Il succède en 1980 à Arthur Fiedler en tant que directeur musical du Boston Pops Orchestra. Très honoré, il aura à cœur pendant plus de dix ans de s’acquitter de sa mission, parvenant à concilier un emploi du temps très exigeant à Hollywood et les tournées parfois très longues de l’orchestre (plus de quarante concerts par an). Ce sera pour lui un contrepoint idéal à la composition pour le cinéma, lui permettant de diriger de nombreux arrangements de ses propres musiques, mais aussi de celles d’autres compositeurs, qu’il s’agisse d’œuvres écrites pour le cinéma et la comédie musicale ou de pièces issues du répertoire classique.

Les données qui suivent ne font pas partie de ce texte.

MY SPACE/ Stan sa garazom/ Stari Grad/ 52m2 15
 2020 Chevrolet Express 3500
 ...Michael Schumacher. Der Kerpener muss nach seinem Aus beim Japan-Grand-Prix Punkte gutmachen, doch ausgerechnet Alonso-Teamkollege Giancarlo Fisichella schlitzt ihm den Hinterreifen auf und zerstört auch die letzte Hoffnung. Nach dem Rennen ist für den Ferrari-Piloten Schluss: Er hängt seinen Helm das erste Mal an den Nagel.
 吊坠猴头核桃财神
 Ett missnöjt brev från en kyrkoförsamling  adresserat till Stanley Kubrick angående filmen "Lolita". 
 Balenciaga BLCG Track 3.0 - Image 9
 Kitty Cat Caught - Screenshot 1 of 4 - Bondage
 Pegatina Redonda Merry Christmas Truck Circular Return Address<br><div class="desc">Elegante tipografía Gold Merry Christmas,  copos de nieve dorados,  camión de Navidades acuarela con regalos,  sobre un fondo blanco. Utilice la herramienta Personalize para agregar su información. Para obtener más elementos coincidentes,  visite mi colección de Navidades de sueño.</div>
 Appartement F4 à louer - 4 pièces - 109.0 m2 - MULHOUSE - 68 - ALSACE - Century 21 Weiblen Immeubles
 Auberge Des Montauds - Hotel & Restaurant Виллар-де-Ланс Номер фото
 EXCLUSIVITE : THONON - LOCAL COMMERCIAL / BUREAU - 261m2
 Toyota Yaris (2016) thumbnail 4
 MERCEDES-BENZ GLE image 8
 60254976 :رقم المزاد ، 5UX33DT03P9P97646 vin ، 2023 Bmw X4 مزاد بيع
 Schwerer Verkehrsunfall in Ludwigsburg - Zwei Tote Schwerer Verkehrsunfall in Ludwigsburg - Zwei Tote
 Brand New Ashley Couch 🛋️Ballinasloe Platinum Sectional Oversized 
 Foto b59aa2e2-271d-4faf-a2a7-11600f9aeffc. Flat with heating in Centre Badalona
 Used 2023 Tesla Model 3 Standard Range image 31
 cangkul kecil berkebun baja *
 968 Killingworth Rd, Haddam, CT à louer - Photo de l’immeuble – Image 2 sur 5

Mais le cinéma lui réserve également une décennie des plus mouvementées, les succès s’enchainant avec la régularité d’un métronome. En 1981, Spielberg et Lucas font renaître le film d’aventures à l’ancienne sous les traits d’Indiana Jones, et la partition de Raiders Of The Lost Ark (Les Aventuriers de l’Arche Perdue) propose en conséquence un mélange savoureux de mélodies héroïques et romantiques, avec ce qu’il faut de nonchalance et d’humour, et vient une fois de plus s’imprimer directement dans l’inconscient collectif : si l’aventure a désormais un nom, elle a aussi une musique. Williams tente la même année de mêler l’univers des synthétiseurs avec celui de l’orchestre symphonique pour Heartbeeps, mais l’échec cuisant du film ne rend pas l’expérience satisfaisante.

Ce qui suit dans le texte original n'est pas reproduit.